I find, on the basis of the footage of the claimant on his approach to the gate that the claimant knew that his movements were being filmed and that he knew, or at least had read the warning, that the gate was alarmed. Given these findings, it would be distinctly odd if the claimant, clearly not wishing to be detected in the act of leaving the platform and venturing on to the trackside, would then open what he believed to be an alarmed gate. He did not know that the gate was not in fact alarmed. It would be far more likely in this situation that the claimant would have side-stepped around the gate at the edge of the platform and thus avoided triggering the alarm. The claimant was a fit and athletic sportsman. I have no doubt at all that he would have been able to sidle around the gate without effort. It would have involved him simply placing his hands on the gate or near the gate and then stepping around the edge of the gate with his toes and the balls of his feet on the platform. It would have been an easy effortless manoeuvre for a fit and agile young man. I do not accept, as Mr Rawlinson suggested, that it would have been a complex movement “worthy of a cat burglar.”

11.

Notwithstanding the efforts of the parties to assist their respective cases by their filmed reconstructions of various permutations of opening, part opening and side-stepping around the gate, I found those reconstructions to be of limited value. The real difficulty is that in the original footage the claimant is seen only partially, and then only for a second or two. Whilst both parties sought to persuade me that the reconstruction footage supported their interpretation of the original footage, unfortunately I found that the original footage simply did not provide sufficient imagery to afford a sensible comparison. As for the original footage, it seems to me to be more likely that the claimant is shown in the act of sidling around the gate but any judgement on the footage must be marginal only.
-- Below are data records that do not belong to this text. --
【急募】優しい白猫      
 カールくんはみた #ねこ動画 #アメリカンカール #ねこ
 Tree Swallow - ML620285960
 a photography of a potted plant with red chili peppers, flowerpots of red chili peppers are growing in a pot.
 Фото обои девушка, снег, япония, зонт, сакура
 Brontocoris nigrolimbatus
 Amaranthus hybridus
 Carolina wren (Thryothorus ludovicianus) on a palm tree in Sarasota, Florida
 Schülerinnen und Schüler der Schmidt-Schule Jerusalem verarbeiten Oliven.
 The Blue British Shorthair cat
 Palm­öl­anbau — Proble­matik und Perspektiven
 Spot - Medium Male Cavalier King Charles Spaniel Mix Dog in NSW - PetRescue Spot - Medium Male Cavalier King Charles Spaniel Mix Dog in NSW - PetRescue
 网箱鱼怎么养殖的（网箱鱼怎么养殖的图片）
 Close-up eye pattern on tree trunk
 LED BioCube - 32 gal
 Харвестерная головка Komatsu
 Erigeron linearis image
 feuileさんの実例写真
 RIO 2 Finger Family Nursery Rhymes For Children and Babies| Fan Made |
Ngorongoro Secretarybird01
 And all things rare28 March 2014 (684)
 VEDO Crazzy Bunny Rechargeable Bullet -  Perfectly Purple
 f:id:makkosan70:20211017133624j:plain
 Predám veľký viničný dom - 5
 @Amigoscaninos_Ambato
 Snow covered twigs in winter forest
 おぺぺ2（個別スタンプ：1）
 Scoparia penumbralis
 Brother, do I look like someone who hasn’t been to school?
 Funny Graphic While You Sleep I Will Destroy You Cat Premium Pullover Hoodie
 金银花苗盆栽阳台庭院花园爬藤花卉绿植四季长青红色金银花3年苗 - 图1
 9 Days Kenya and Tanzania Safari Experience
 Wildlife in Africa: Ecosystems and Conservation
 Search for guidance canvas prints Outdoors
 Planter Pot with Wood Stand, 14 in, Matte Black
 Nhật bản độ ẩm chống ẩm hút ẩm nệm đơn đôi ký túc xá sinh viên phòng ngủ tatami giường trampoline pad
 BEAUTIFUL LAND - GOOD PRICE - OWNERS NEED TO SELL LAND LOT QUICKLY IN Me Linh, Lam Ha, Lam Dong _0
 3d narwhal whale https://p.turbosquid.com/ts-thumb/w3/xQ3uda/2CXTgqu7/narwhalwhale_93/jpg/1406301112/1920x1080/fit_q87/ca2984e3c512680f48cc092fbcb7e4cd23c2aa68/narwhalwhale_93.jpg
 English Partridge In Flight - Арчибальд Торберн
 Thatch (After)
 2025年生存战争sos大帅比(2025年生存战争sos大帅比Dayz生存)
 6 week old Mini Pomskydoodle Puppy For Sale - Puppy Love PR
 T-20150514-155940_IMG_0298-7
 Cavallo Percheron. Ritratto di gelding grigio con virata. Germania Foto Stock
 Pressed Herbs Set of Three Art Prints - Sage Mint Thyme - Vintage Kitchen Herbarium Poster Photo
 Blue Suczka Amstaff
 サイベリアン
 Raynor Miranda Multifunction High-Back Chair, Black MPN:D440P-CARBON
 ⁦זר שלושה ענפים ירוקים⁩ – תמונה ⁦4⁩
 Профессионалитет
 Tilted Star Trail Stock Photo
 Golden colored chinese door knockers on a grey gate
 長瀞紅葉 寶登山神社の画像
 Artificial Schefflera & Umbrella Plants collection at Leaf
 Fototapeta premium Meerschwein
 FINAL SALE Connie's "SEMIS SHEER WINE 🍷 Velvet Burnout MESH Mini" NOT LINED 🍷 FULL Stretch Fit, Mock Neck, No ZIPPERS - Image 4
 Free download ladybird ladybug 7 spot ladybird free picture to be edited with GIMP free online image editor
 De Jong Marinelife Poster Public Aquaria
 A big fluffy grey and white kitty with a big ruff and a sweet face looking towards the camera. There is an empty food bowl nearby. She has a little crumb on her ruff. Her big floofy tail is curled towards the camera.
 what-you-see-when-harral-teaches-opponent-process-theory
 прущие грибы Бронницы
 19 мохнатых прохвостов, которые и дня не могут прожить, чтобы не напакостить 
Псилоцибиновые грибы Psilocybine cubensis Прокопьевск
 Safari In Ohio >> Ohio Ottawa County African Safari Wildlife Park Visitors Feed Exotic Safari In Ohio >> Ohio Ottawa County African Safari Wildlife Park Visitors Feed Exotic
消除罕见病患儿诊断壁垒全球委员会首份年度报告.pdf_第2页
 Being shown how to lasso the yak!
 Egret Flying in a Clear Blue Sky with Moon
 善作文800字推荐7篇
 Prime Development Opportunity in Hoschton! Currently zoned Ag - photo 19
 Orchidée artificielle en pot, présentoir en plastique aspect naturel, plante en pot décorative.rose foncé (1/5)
My ruling on the issue as to how the claimant got on to the tracks is informed by the claimant’s actions before he approached the gate and the sensible inferences to be drawn from those actions.

12.

Having given my ruling on this issue, I was later informed that the claimant sought the approval of the court to discontinue the claim with no order for costs. There were, in reality, no other viable allegations against the defendant. Although the claim included an allegation against the Passenger Support Agent who was on the train which collided with the claimant, this allegation was unlikely to succeed. Setting aside the question of whether there was any breach by that person, it would have been near impossible for the train to be stopped in time to avoid the claimant being hit. I therefore gave my approval to the discontinuance.

13.

Having set out the history of this litigation, even in only brief terms above, I must record my dismay that it was only on day 4 of a trial which had been listed for several months and after litigation had been ongoing for over two years that this litigation was resolved. I make no comment concerning the progress of the litigation before the application to amend the particulars of claim. No doubt there were difficulties arising from disclosure which made it difficult for the claimant’s team to crystallise its case. However, after the application to amend the pleadings had been made, the case was crying out for a pre-trial review before the trial judge. The application was not, as Mr Rawlinson sought to persuade me at one stage, unnecessary because the claim had been adequately particularised. If this had been so, then he would not have made the application. This was not an application which tinkered with the outer edges of the claim: the proposed amendments went to the root of the claim. If, as I am informed, there was to be no joint meeting for the purpose of narrowing the issues, then a pre-trial review would have saved some costs and no doubt the claimant’s family much stress and anxiety. Both parties should have ensured that the amendment issue was resolved, or at least case managed, before the beginning of the trial.